The one-upper is totally right. It’s all about perspective.
When I pull into the driveway after work, Greta will suddenly burst through the front door and come running up to meet me before I’ve even opened the trunk to get my gym bag. If I’m lucky, she gives me that great hug that my cousin Sean so perfectly described to me a few years ago.
If Greta closed the door behind her, Gus and Tilly are usually standing at the door like zombies from The Walking Dead clawing at the window and making weird groan noises. If Greta left the door open, Gus usually stumbles out because Tilly is pushing him from behind as he’s trying to negotiate that first step out of the threshold.
Once I get two steps inside the house, I ditch whatever bags I’m carrying and start emptying phones, receipts, keys (rarely cash) from my pockets. Greta strolls closely alongside me, which is nice because Gus and Tilly usually grapple like Hulk Hogan and the Iron Sheik for dibs on getting picked up.
My arms full with Gus and Tilly, Greta dominates the conversation (she currently has a monopoly on speaking in full sentences) with topics like: Gus scratched me in the eye; Tilly smashed a doll over Gus’ head; Mommy won’t give me an ice cream, can I have one?; did you hang up the Hello Kitty picture I colored for you at your office today?; Sam took me to the library today and we saw a turkey in the road, etc. In other words, she genuinely wants to share events from her day with me without my asking.
Somewhere along the way, THE WIFE and I exchange glances, hellos, and maybe a kiss. I express to the kiddos how I need to change out of my clothes. When I try to put Gus or Tilly down, they start weeping like their mother during an episode of Parenthood or sentimental videos on Youtube. I wilt almost immediately and just carry them upstairs with me to my bedroom. All the while, Greta marches dutifully next to me going on about the chicks that hatched in her classroom or asking me if she can wear her pajamas during dinner.
By the time I’ve stripped down out of the monkey suit, Gus or Tilly is usually prying an electrical socket out of the wall (I’m very much over this phenomenon and can’t wait for this to become uninteresting) and I’m jumping into preemptive hazard removal mode. Still, I remind myself – the kids just want to be near me – how lucky are you!?
Tonight, I actually took a dump while all three of the kids circled around me in the bathroom. Tilly even sat on my lap while Gus pointed at my penis saying “Pee pee.” I can say with absolute certainty that there are zero other people in the entire universe who want to be anywhere closer than 100 feet from me while I sit on the bowl. Inevitably, mayhem ensues when the cabinets and drawers open. A hair dryer’s electrical cord almost always ends up around someone’s neck and I’m suddenly shuffling with undies around my ankles over to rescue the victim.

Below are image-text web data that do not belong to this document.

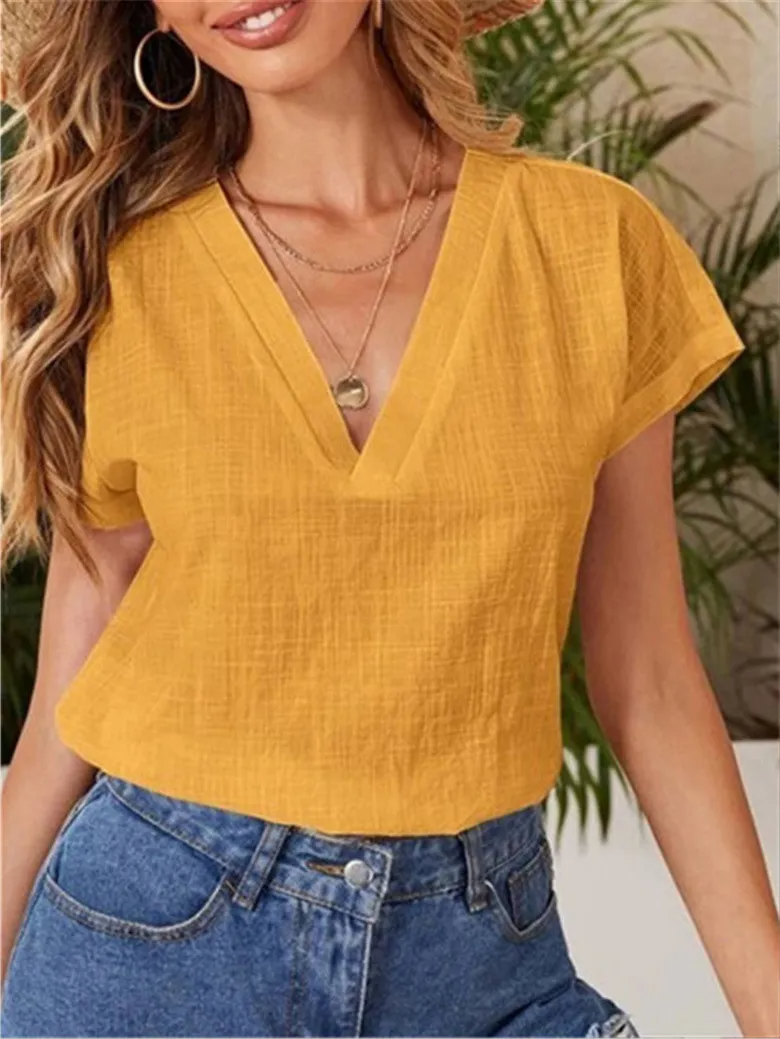 Women Casual Summer Solid Color Loose Short-Sleeved V Neck Short-Sleeved Blouse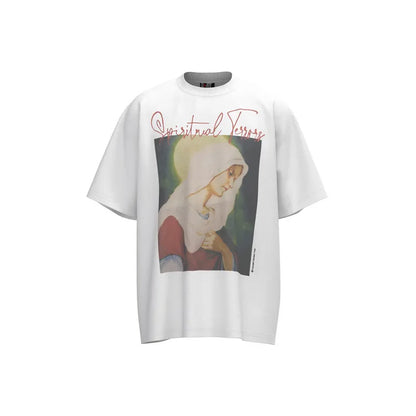 Mens T Shirts Saint Michael Washed and Worn Short Sleeve Fashion Retro Print Vintage Couple T-Shirt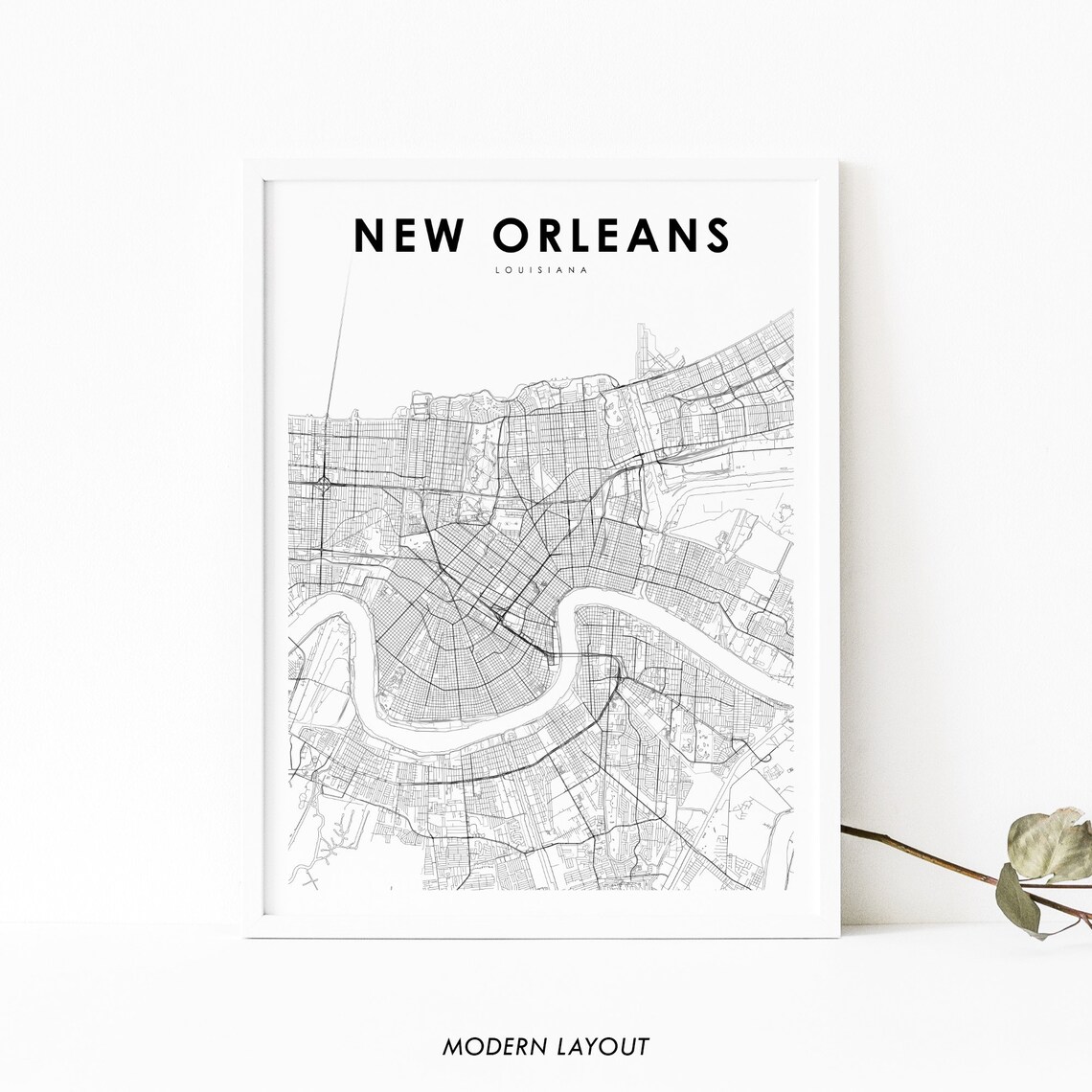 New Orleans Louisiana Black and White City Street Map Poster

Moving on, we somehow make it eventually to dinner, which is a whole situation unto itself. The probability of having all three kids actually placing food into their mouths with nothing flying in the air and not having a meltdown is as frequent as an eclipse. Chances are, someone is on a hunger strike or lobbying to eat Goldfish or yelling at the top of their lungs or spontaneously taking off their pants or all of the above.
With uncanny timing, THE WIFE (totally oblivious to the sensory overload enveloping me) usually picks this moment as the appropriate time to ask questions of varying import. Have I finalized a decision on a religious institution yet where Greta can go to Sunday school? Do I know where the obscure component to an item in the house that hasn’t been used in two years is located? Have I booked a hotel room yet for a wedding taking place in 2014?
All of this is simultaneously wonderful and awful and heartwarming and taxing and madness in the moment. But by the time the kids are finally fed, bathed, and sleeping in their beds, the chaos that was only an hour or so ago becomes mostly all good in retrospect.
Before another month goes by when I am ready to post my next blog, I want to take this moment to record a couple of my mental snapshots that could vanish without any notice.
I love the way that all of my little crazies sleep in their beds. Greta sleeps diagonally with a lucky stuffed animal in a choke hold beside her. G-man sleeps face down and butt up with everything tossed outside of his crib. Tills sleeps likes she is in zero gravity, moving around constantly and flipping out if a binky becomes misplaced, all while she has somehow unzipped her sleep sack.
And some random ones for the road. Tilly’s guilty run of glee after she’s been caught in the act of doing something she’s not supposed to. Gus’ proud celebration after he pees in the potty. Greta’s colored pictures on my pillow that I find before going to bed.